I love winter because I can build a roaring fire in the fireplace, get out my laptop and write, while sometimes looking to the flames letting my mind flow. But spring, spring means chores, planting the garden, tending the garden, mowing the lawn, and about every four weeks, depending on rain fall, bush hogging the fields.
Okay, ridding a tractor dragging around a bush hog or ridding a lawnmower is not hard work, and it does give me time to work out plots and characters, it’s not where I want to be nor doing what I want to do.
Having said that, once I get started, I do enjoy it. There is something about lining up the swaths with a bush hog so that the last pass up the middle of the lower field matches the rest of the cuts, making it look as though I knew what I was doing with all the nice straight rows.

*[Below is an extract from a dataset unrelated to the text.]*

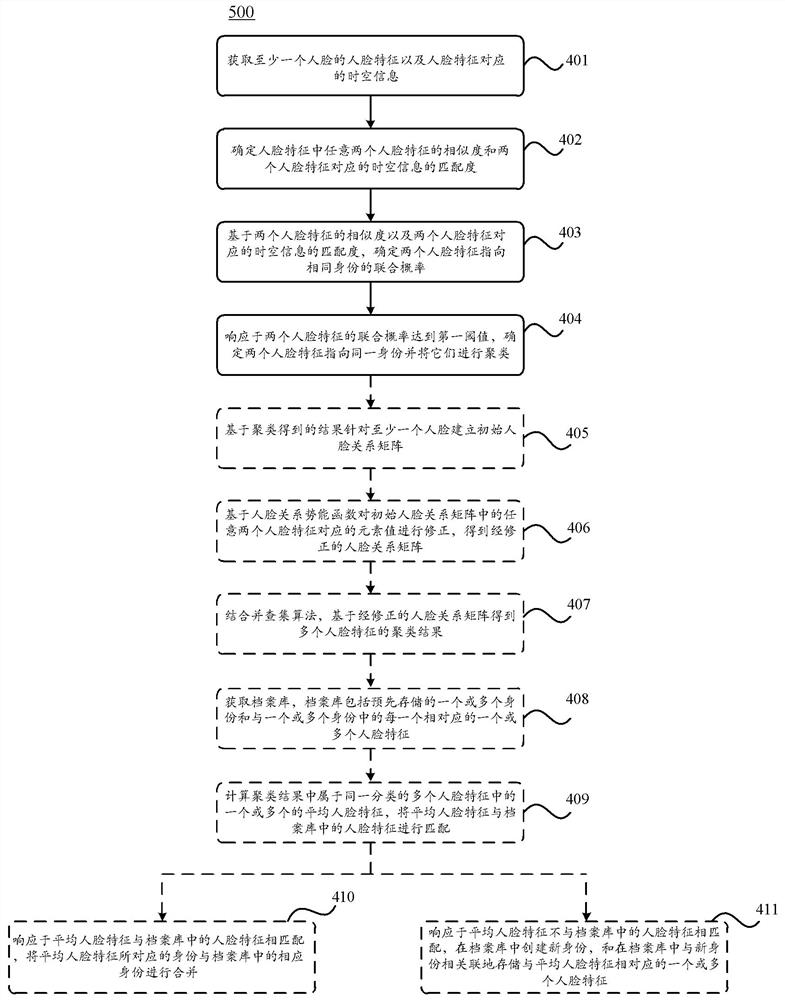 Face clustering method and device and computer readable storage medium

As spring gives way to summer and fall, the Pine Martins will sometimes join me out on the lower field, diving and spinning, as they eat the flies, butterflies and grasshoppers my activity in the field stirs up. Sometimes I will find myself ducking as the Martins, in there aerial ballet get too close to me and the tractor.
A Cooper’s Hawk along with a Red Tailed Hawk have taken up hunting the tree line along the creek over the past winter, and it is my hope they join the Pine Martins in the hunt. I do see a lot of field mice as I mow. Little brown balls of fur, scurrying for the protection of the rows of cut grass, Queen’s Ann Lace, Red and White Clover and Vetch, that the mower lays over on each pass.
And I get to think as I watch this natures dance play out before me. So maybe spring and summer are not so bad for my writing as I originally thought.
I must remember to come back and read this post occasionally, as there will be times when I will do almost anything not to go out and hook up the bush hog to the tractor and get started.